I lile the idea of establishing a personality based off of pre-existing replies, and DA2 handled it very well (in my opinion). I like the idea of personality stats actually influencing the storyline, since many COG games seem to treat them as a tally sheet to fill out the stat screen, unfortunately enough.

5 Likes

Choice Script provides the option of “opposite pairs” stats and percentile stats. The mechanical structure of these stats is not as flexible (or complex) as ME/DA so, you might want to consider what you, as a coder, is capable of making in your game.

Traits are a double edged sword - most of your audience will have per-defined ideas of what they are expecting when you structure personality this way. If your structure conforms with those notions you should be ok but if there is any deviance then you might give some readers fits - justified or not.

Have you looked at how the different games here have tackled this, because there is quite a lot of difference between titles. Tin Star is very complex and very in-depth - it is also very popular. Titles like Choice of Dragon are a lot more simple and have appeal based on that simplicity.

My suggestion would be to map out your mechanics now and get feedback on them once they are more concrete. It is so hard to say "this idea is good but we won’t know for sure until we see something implemented.

4 Likes

To be honest, I don’t like stats that show me “You are 65% Renegade and 45% Paragon” because it doesn’t sound right to measure my players personality in percentage.
I like that I can choose from what feels right for me and I LOVE it when people react to that.

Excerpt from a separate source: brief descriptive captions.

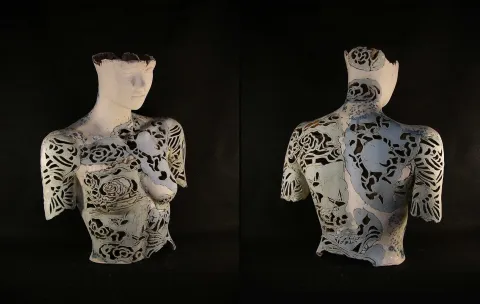MİNE POYRAZ — “Tattoo”, 2025 "Tattoo" eseri MİNE POYRAZ tarafından 2025 yılında 51x42x16 cm ölçülerinde Seramik, Ajur Tekniği tekniği ile yapılmıştır.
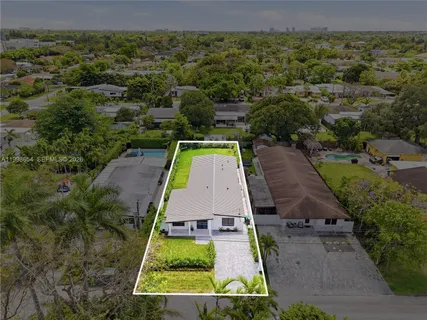 $1,437,000 | 6332 Southwest 28th Street, Miami, FL 33155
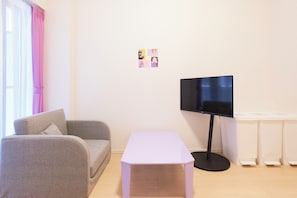 Living area - G-stage 01 IKEBUKURO 2 by Tranova (Toshima)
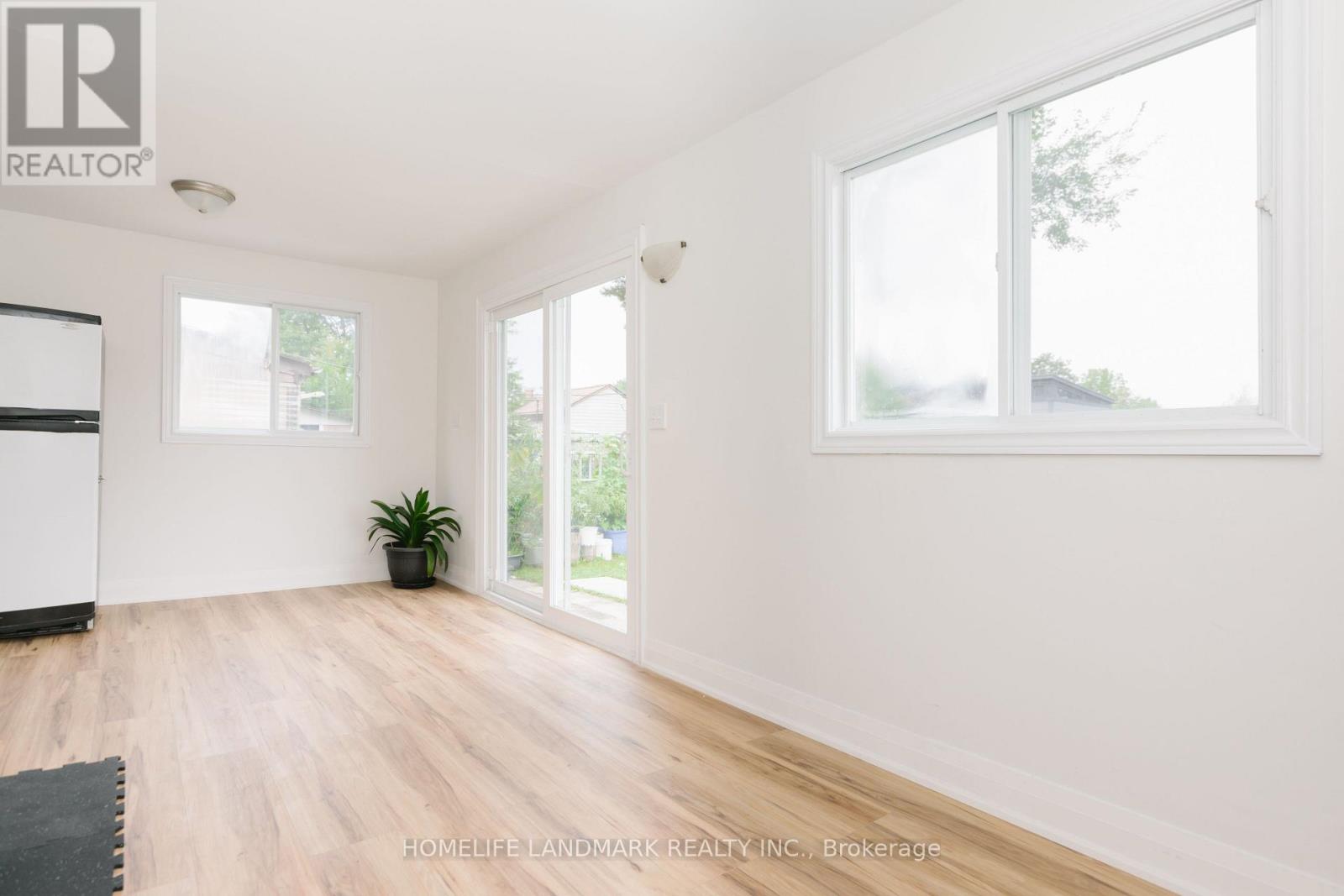 2419 Cashmere Avenue, Mississauga, Ontario  L5B 2M7 - Photo 21 - W13748060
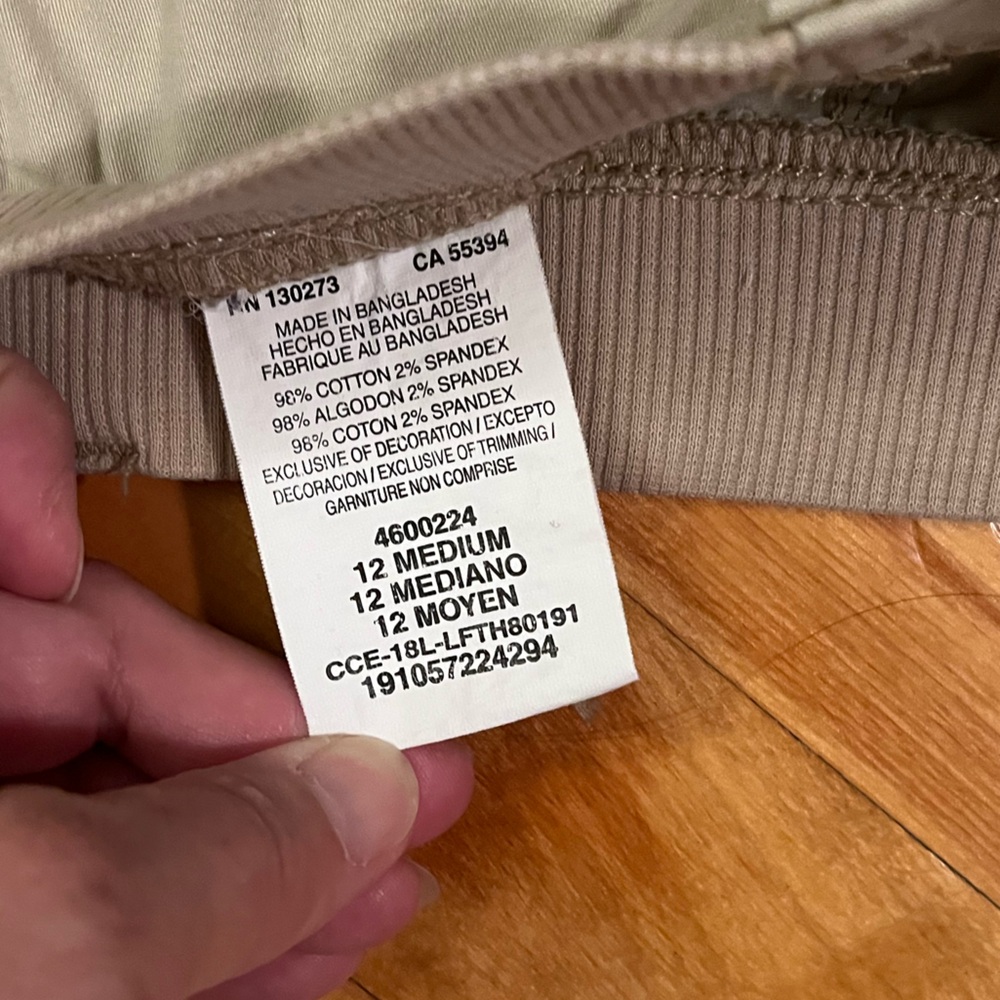 Lee relaxed fit Tan Cargo Capris 12 Medium - Picture 8 of 10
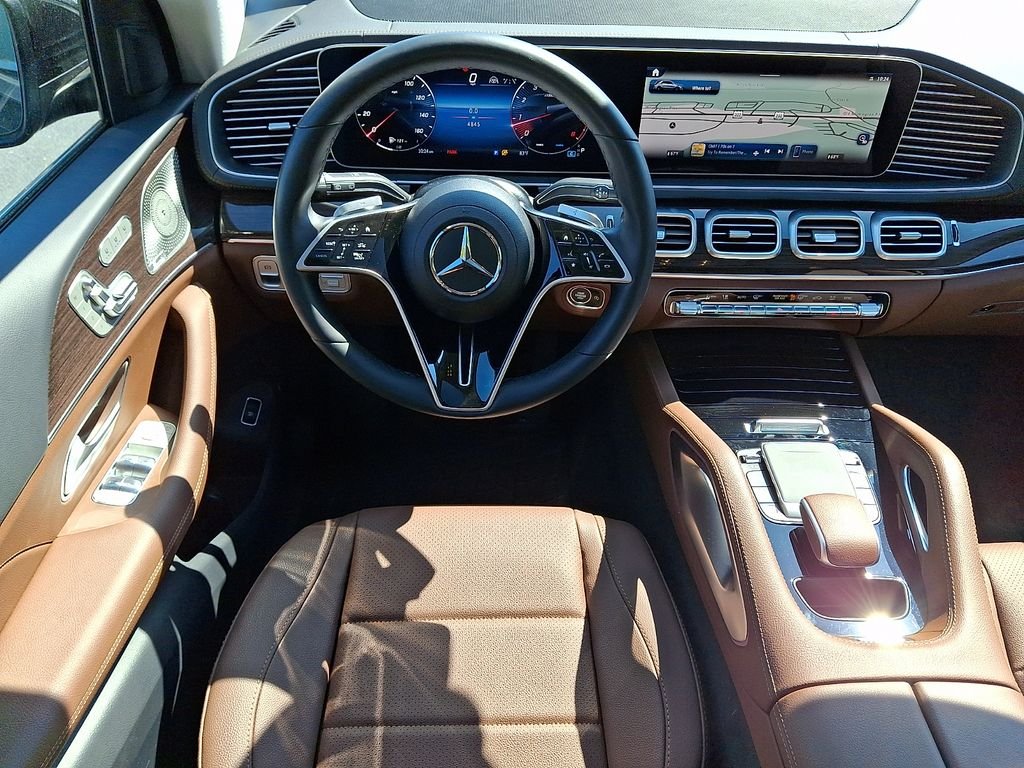 Certified Used 2026 Black Mercedes-Benz GLE 450 image 11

But often I think that personality stats are just useless when it comes to that “reaction thing”. Most of the time it is just there so you can’t give certain answers.
Even playing as a nice person, I sometimes want to tell people to “F**K OFF!”, but often it looks like this:

A. “No, it’s ok” I say to her/him
B. I’m fuming with rage but I am too nice to say anything (wtf? Why should I even think this but not act?)
C. I tell her/him to “F$%§ off!” (and this answer is greyed out, because of my 2 answers in the chapter before)

Or what can also happen is that the personality stat changes from 65/45 to 50/50 and in the next chapter, someone doesn’t like me anymore because “I’m not nice enough”.

I think personality stats should be an indicator of how the NPC’s are seeing you OR it should be more balanced if you need it for romance options etc.

(And I really hope it makes sense, I’m not an english native)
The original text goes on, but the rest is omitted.